Date: 2006-04-20 02:56 pm (UTC)
From: [identity profile] chickenfeet2003.livejournal.com
I think it's worth a separate post. It's a good job there weren't too many actual Frenchmen in 2DB or they'd have stopped for lunch so many times they would never have made it to Paris.

Date: 2006-04-20 03:39 pm (UTC)
ext_1059: (Default)
From: [identity profile] shezan.livejournal.com
You realise many of the restaurants quoted in the 1939 Michelin had been reduced to rubble by the time the Allies landed, right? For instance, the Malherbe at Caen (Spécialité: Tripes à la Mode) had completely vanished.

And me Dad wasn't with the 2ème DB but with Patton & the Big Red One.

Date: 2006-04-20 03:46 pm (UTC)
From: [identity profile] chickenfeet2003.livejournal.com
My knowledge of which restaurants had stars in the 1939 Michelin is very limited. After all, I rarely say to myself "Oh my God I'm stuck in Caen for the night in 1939, where shall I go for dinner?" Big Red One should have been safe from the lures of Michelin. I don't imagine it covered many hot dog stands.

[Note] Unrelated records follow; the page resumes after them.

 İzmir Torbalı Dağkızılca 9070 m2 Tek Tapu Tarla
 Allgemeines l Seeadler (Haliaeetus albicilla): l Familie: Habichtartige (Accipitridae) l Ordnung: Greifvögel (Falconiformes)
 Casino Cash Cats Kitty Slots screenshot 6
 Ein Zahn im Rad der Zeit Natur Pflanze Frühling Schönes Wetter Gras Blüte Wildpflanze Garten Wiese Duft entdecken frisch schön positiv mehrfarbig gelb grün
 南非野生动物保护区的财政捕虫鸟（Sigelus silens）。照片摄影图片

Oddly enough I think I've only eaten in Michelin starred restaurants in two cities; Geneva and Preston.

Date: 2006-04-20 04:45 pm (UTC)
From: [identity profile] sollersuk.livejournal.com
History begins with writing (varies, obviously, from locality to locality) and ends the day before I was born. After that it became Current Affairs.

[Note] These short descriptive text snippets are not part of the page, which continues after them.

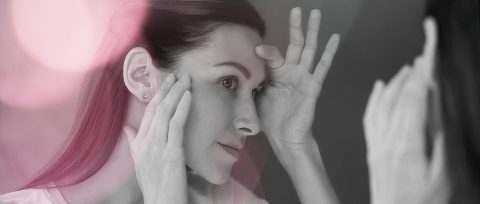 aesthetica Aktuelle Informationen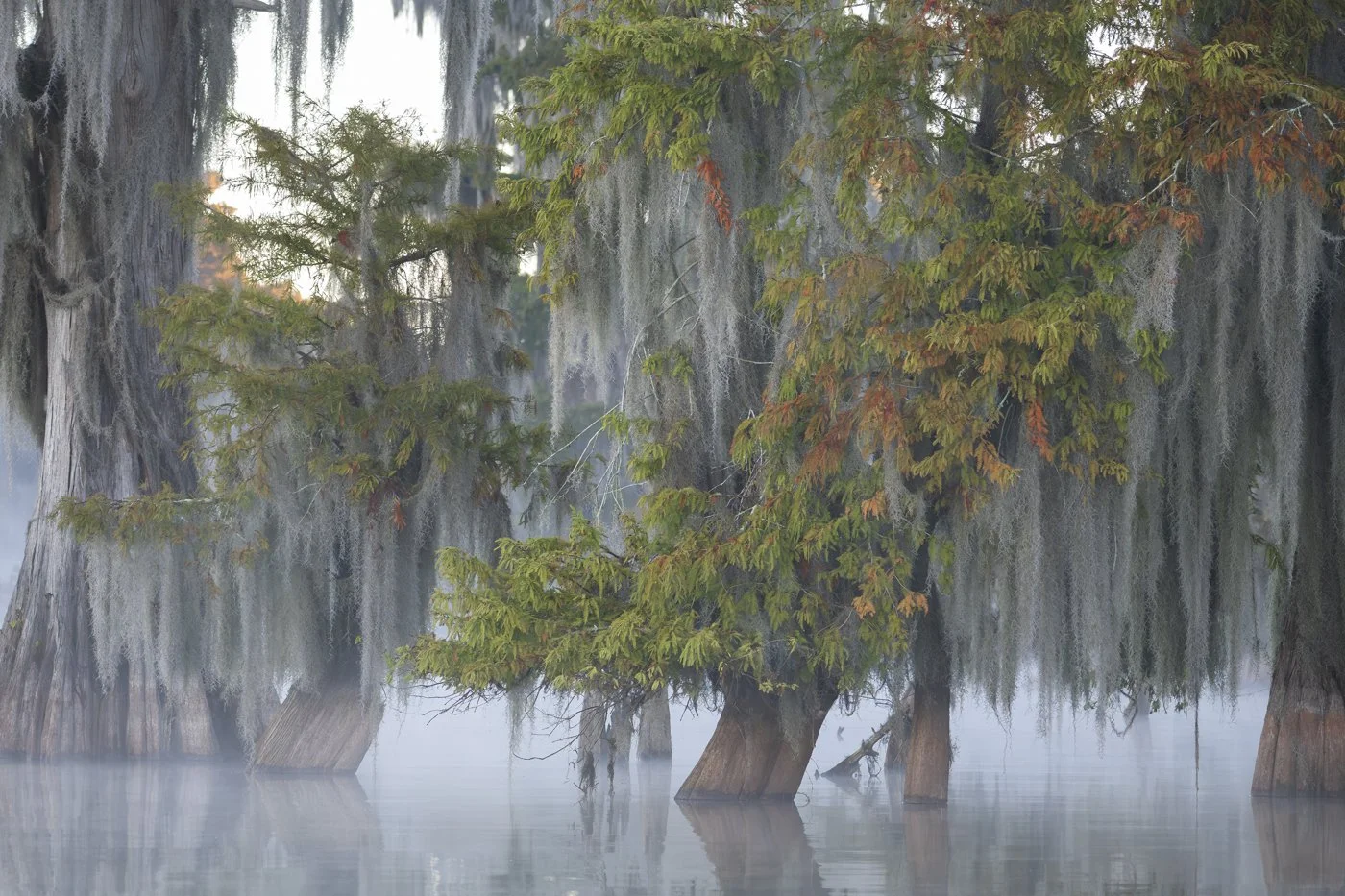 b_Bayou 2.jpg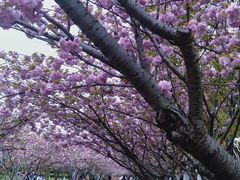 -高东镇樱花园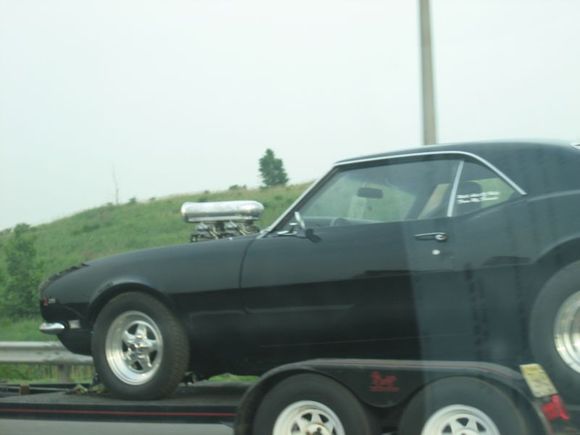 live 8 004.jpg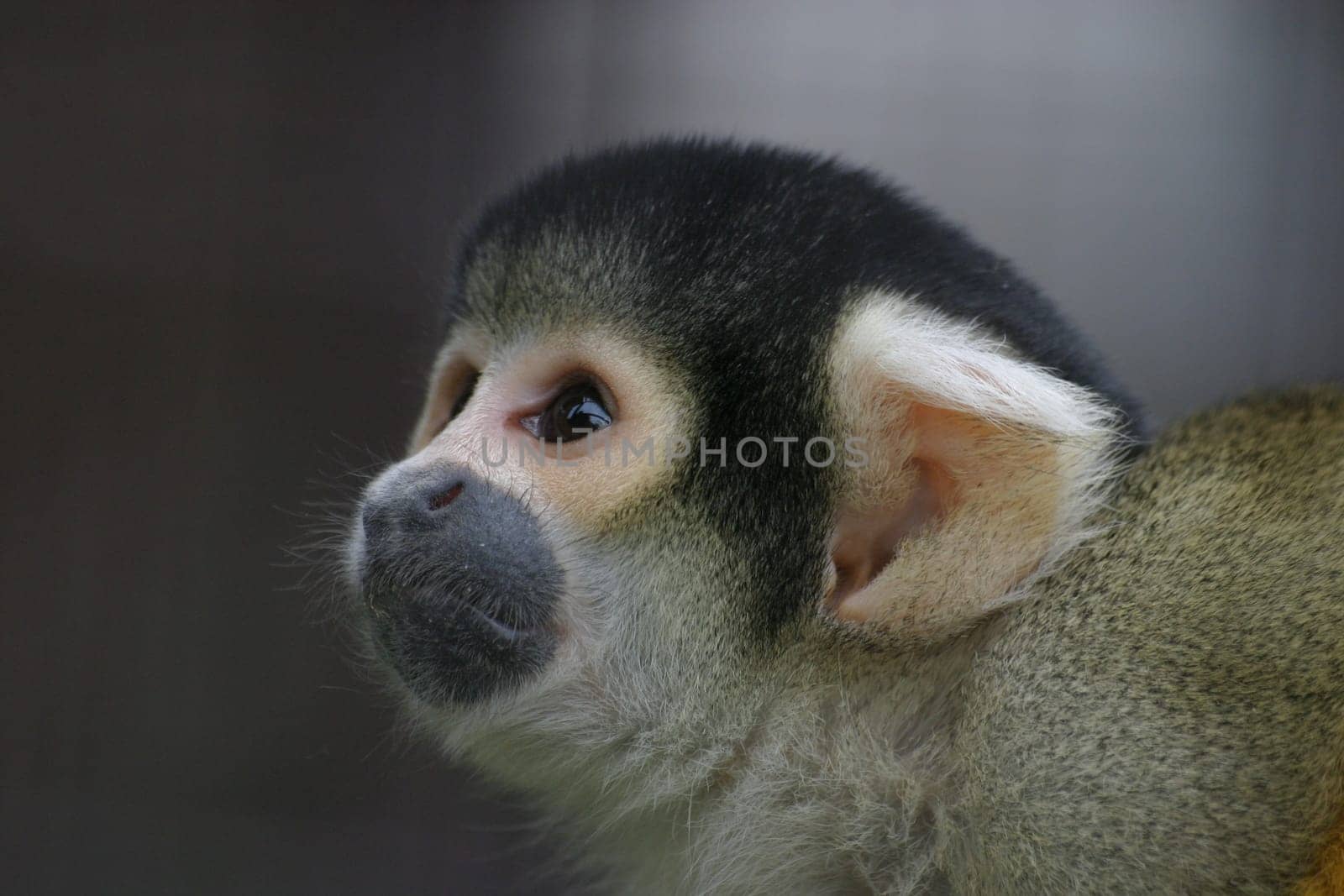 Monkeys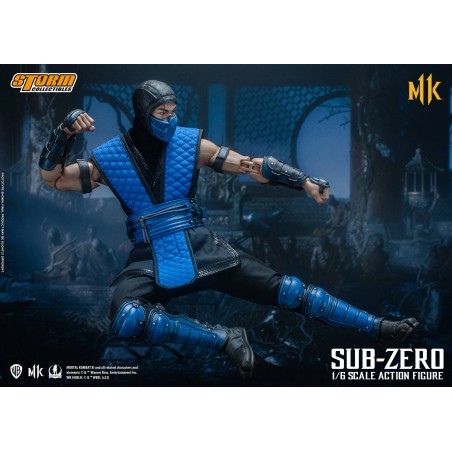Mortal Kombat Sub- Zero Storm Collectibles 11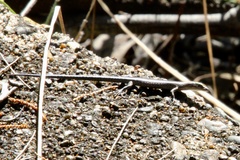 Cryptoblepharus pulcher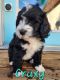 Bernedoodle Puppies for sale in Vernal, UT 84078, USA. price: $850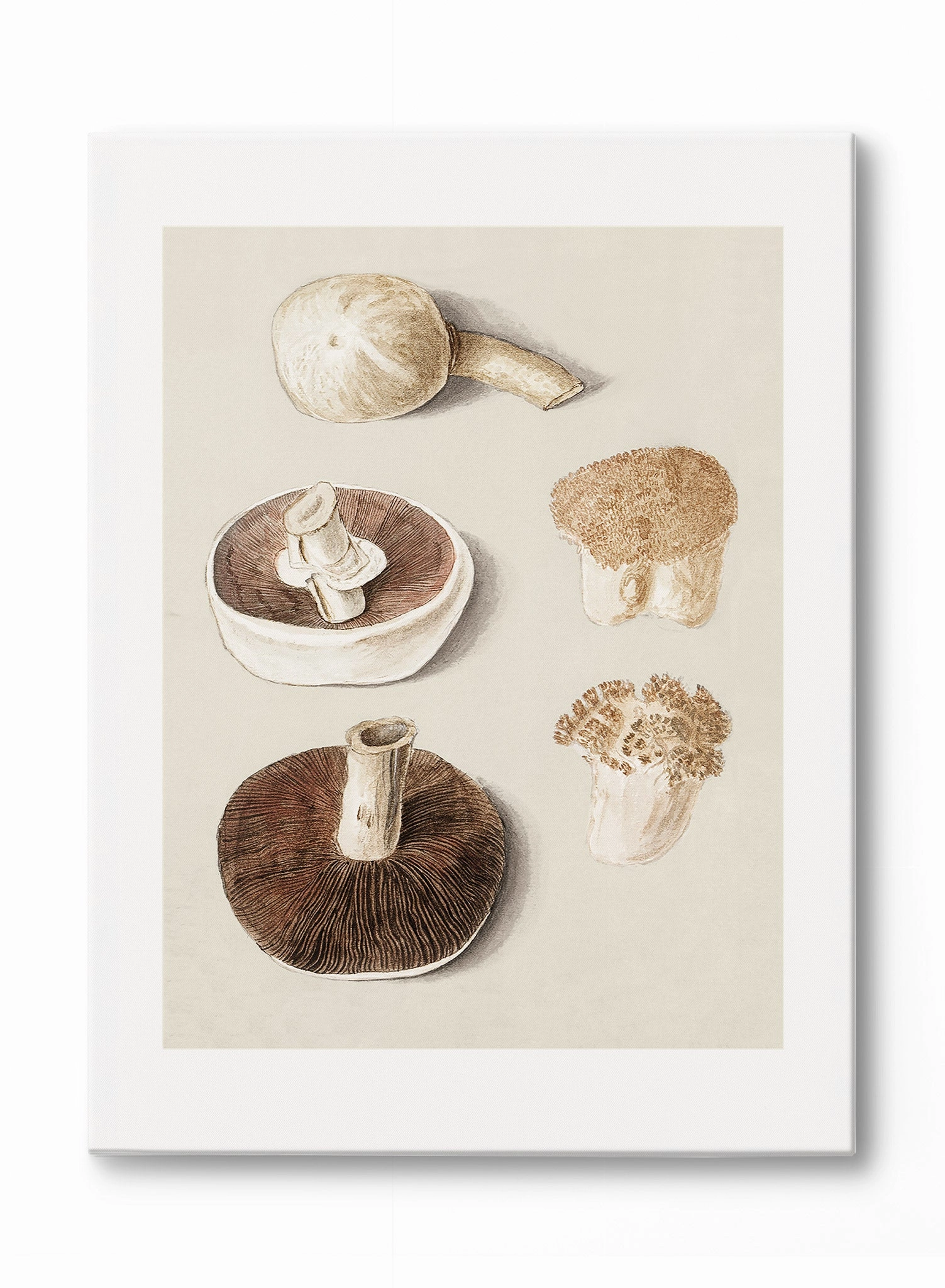 Culinary Fungi, Canvasindoor decorative canvas print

Date: 2006-04-20 06:14 pm (UTC)
ext_6283: Brush the wandering hedgehog by the fire (Default)
From: [identity profile] oursin.livejournal.com
'It all depends....'

As an archivist, I'd say approx 30 years ago, because you seldom come across anyone asking for anything that's much more recent for historical projects (I feel that some such intuitive sense was behind the now discarded '30 Year Rule' on public records).

As an individual, it changes over the lifespan, perhaps: as a child, before I was born was history, but now the early parts of my life are 'history' ('Gee, tell us again about ration books and free codliver oil and orange juice!').

The personal factor that you mention is important too: the connections one feels to the past beyond one's own appearance on the scene. This may be one of the better rationales for doing family history.

Date: 2006-04-20 07:17 pm (UTC)
From: [identity profile] a-d-medievalist.livejournal.com
I'm kind of with [livejournal.com profile] violetsaunders and [livejournal.com profile] sollersuk on this. In fact, it's one of the things that I find difficult in teaching modern, is that, if it happened after I was born, it's current events, but my students are often (gulp) 25 or more years younger than I am (I have dual-enrolled 16-year-olds, thanks -- most are about 23 or 24 years younger!).
(deleted comment)

Date: 2006-04-21 11:11 am (UTC)
From: [identity profile] chickenfeet2003.livejournal.com
I didn't really expect an answer. It's an interesting discussion.

Date: 2006-04-29 07:43 am (UTC)
From: [identity profile] frumiousb.livejournal.com
Coming late to this discussion- just had it linked back to me, which is part of the marvelous circularity of the Internet.

For me, got to be a personal thing. I had one great-uncle in the conflict. He was on the "wrong" side (a German fighting on the Russian front) and I never knew him. He's a faded picture on a postcard posted in 1914.

World War II comes a lot closer, because it was very close to the heart of my mother who was struggling with some issues around the conflict that I can only dimly guess about.

Vietnam would be more personal. My cousin (who has been more like a second Dad to me) fought two tours of duty there. I grew up hearing his stories and he even gave me his jacket when I was a teenager.

But isn't it all history? It's just a question whether it is my history or somebody else's history. I inevitably connect to my history differently than I do to something whose edges I am trying to grasp.

As an American, WWI is dwarfed in the national consciousness by the second World War. During my trip through Belgium, WWI became "real" to me through seeing the towns that had been destroyed-- the monuments to the dead martyrs. I've been reading as much as I can about it lately, but indeed it does not connect to my past in the way that it obviously does to yours.

I might well write about something more personal with detachment, however. That's how I process stuff. But that's an entirely other discussion.